Question:  Thank you, Martin.  Can you have any reaction on what is happening in the border between Syria and Lebanon?  It is becoming like a very important matter.  Do you have… maybe you read something on this matter?


Spokesperson:  I haven’t…


Correspondent:  The Hermel area and also the Al-Sayyed area, next to… between… border between Homs and Lebanon.


Spokesperson:  I don’t have a specific update; simply to reiterate that the Secretary-General’s concerns that he has already expressed on a number of occasions about the danger and risk of spillover, but I don’t have anything specific related to recent developments.  What I would tell you is that I would anticipate that a little bit later today I will have some more information on the meetings that the Secretary-General is holding today related to Syria.
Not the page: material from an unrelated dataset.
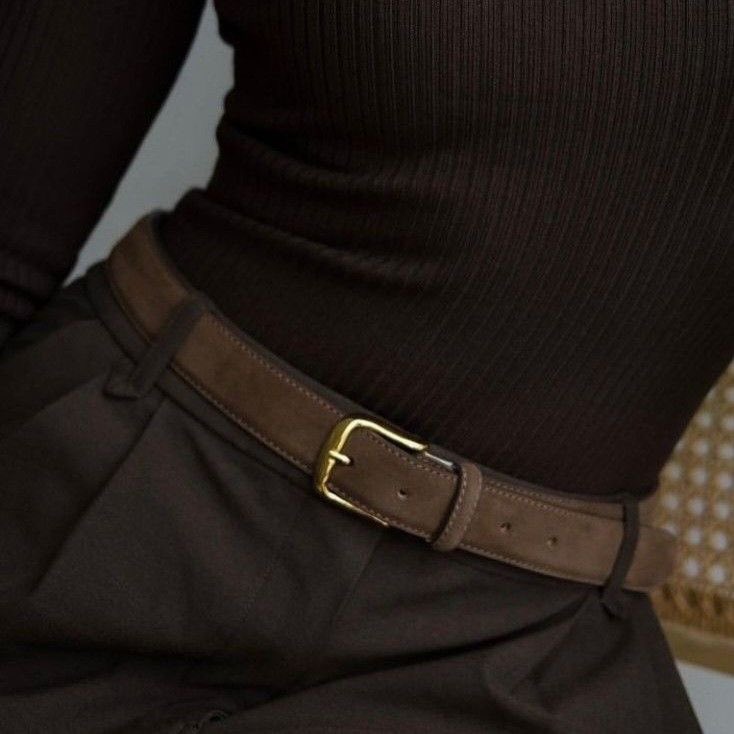 Diorgirlx's tweet photo. brown is the chicest color https://t.co/kbBrTC6yui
Question:  Do you know if Mr. [Lakhdar] Brahimi will be speaking to the press after his meeting with Ban Ki-moon?


Spokesperson:  Almost certainly not, which is why I am saying I will probably have some information for you.
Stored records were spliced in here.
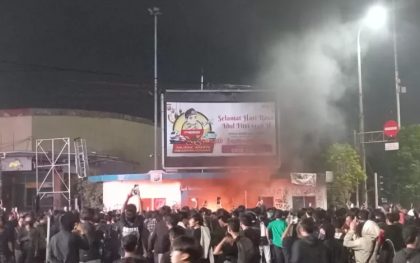 Aparat kepolisian berjaga saat aksi demonstrasi mahasiswa di Kota Serang, Banten. Penanganan hukum pasca-aksi masih menuai sorotan.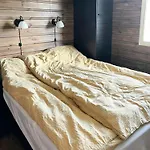 Mountain With Jacuzzi In Gautefall Feriehus *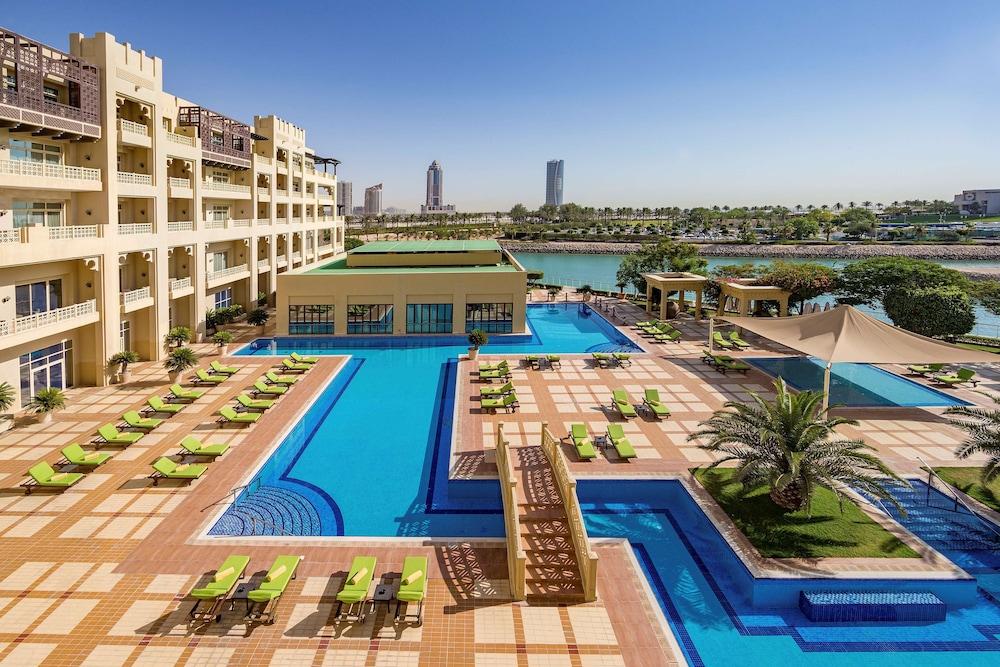 Grand Hyatt Doha Hotel and Villas 85655 — 6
Question:  Another thing, any reaction of the new appointment of the Syrian opposition?  They just named George Shatil… George Sabra… sorry, Mr. George Sabra as caretaker of the opposition.  Do you have any reactions on that?  And can it be any… it cannot affect the mission of Brahimi?


Spokesperson:  I need to check further with my colleagues in the Department of Political Affairs on that.  I don’t have anything for you on that at the moment.  Yes?


Question:  I want to ask about Myanmar and then something, I guess it’s in-house, but I want to be sure to… to get to it, it seems like a good day to do it.  One is, you’ve probably heard of this, what’s… maybe even seen this footage from Meiktila in Myanmar.  It seems that… that with the fighting, now video has come out showing the police standing back as crowds attacked Muslim stores and homes and burned them.  So I remember… I know that Mr. [Vijay] Nambiar was there, maybe just after the violence, but has the UN… I know that he briefed the Council, he seemed to be saying things are… are… that the Government is trying, but it’s difficult.  But the… these… this footage seems to show that at least some part of the authorities there at a… a minimum stood back if not were… were part of the problem in Meiktila.  Is there any change of thinking in the UN’s way?  Does Mr. Nambiar have any comment on this… this pretty troubling footage?


Spokesperson:  Not on that specifically.  That doesn’t mean that there won’t be in due course.  But simply to reiterate what we’ve said, that it is obvious that there needs to be dialogue with communities; that’s essential for building confidence.  And also just to reiterate that we are able to deliver assistance.  We do have access, but we need better access.  There are still obstacles for us and other non-governmental organizations to do the job that they need to do to provide assistance in these areas.  But if I have any thing specific on that particular report, I will let you know.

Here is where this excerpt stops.